Plan assets are invested in diversified portfolios consisting of an array of asset classes within the above
target allocations and using a combination of active strategies. Active strategies employ multiple
investment management firms. Risk is controlled through diversification among asset classes, managers,
styles, market capitalization (equity investments), and individual securities. Certain transactions and
securities are not authorized to be conducted or held in the pension trusts, such as ownership of real
estate other than real estate investment trusts, commodity contracts, and American Depositary Receipts
(“ADRs”) or common stock of the Company. Risk is further controlled both at the asset class and manager
level by assigning benchmarks and excess return targets. The investment managers are monitored on an
ongoing basis to evaluate performance against the established market benchmarks and return targets.
The defined benefit pension plans have an investment policy that was developed to serve as a
management tool to provide the framework within which the fiduciary’s investment decisions are made,
establish standards to measure investment manager’s performance, outline the roles and responsibilities
of the various parties involved, and describe the ongoing review process.

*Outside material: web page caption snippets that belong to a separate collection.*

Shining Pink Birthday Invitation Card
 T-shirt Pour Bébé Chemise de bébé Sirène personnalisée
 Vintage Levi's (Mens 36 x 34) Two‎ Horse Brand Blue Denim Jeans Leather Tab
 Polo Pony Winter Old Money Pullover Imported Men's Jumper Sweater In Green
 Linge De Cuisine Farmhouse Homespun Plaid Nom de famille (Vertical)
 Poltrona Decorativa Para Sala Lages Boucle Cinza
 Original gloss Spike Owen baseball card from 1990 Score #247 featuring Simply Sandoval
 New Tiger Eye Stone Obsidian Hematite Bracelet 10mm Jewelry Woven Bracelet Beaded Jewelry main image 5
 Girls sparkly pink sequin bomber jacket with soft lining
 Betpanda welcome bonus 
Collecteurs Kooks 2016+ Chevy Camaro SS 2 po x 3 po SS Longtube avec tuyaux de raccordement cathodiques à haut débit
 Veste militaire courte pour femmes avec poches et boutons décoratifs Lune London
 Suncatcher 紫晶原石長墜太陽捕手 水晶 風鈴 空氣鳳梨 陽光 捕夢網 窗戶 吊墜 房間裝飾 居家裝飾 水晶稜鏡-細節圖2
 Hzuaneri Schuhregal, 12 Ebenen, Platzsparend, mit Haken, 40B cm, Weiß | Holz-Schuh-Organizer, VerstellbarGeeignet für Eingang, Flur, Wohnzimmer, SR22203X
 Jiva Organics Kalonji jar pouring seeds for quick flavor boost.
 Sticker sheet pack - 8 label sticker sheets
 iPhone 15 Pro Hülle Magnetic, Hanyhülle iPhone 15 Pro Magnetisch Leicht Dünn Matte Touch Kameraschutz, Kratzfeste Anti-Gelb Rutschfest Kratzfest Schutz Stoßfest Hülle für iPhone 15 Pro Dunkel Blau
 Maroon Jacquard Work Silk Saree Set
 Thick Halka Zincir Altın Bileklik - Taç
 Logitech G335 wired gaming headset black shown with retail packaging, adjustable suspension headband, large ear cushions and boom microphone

Benefit Payments. The following estimated future benefit payments, which reflect expected future
service, are expected to be paid in the years indicated (thousands of Euro):
NOTES TO CONSOLIDATED
FINANCIAL STATEMENTS |85 <
Pension Supplemental
plan plans
2009 10,677 442
2010 11,314 560
2011 12,395 558
2012 13,670 948
2013 15,276 1,179
2014-2018 92,668 4,746
Contributions. The Company expects to contribute Euro 26.9 million to its pension plan and Euro 0.4
million to the SERP in 2009.
Other benefits. The Company provides certain postemployment medical, disability, and life insurance
benefits. The Company’s accrued liability related to this obligation as of December 31, 2008 and 2007, was
Euro 1.6 million and Euro 1.4 million, respectively, and is included in other long term liabilities on the
consolidated balance sheets.
The Company sponsors a tax incentive savings plan covering all full-time employees. The Company makes
quarterly contributions in cash to the plan based on a percentage of employees’ contributions.
Additionally, the Company may make an annual discretionary contribution to the plan, which may be made
in the Parent Company’s ADRs or cash. Aggregate contributions made to the tax incentive savings plan by
the Company were Euro 8.8 million and Euro 8.1 million for fiscal 2008 and 2007, respectively. For fiscal
2008 and 2007, these contributions did not include a discretionary match.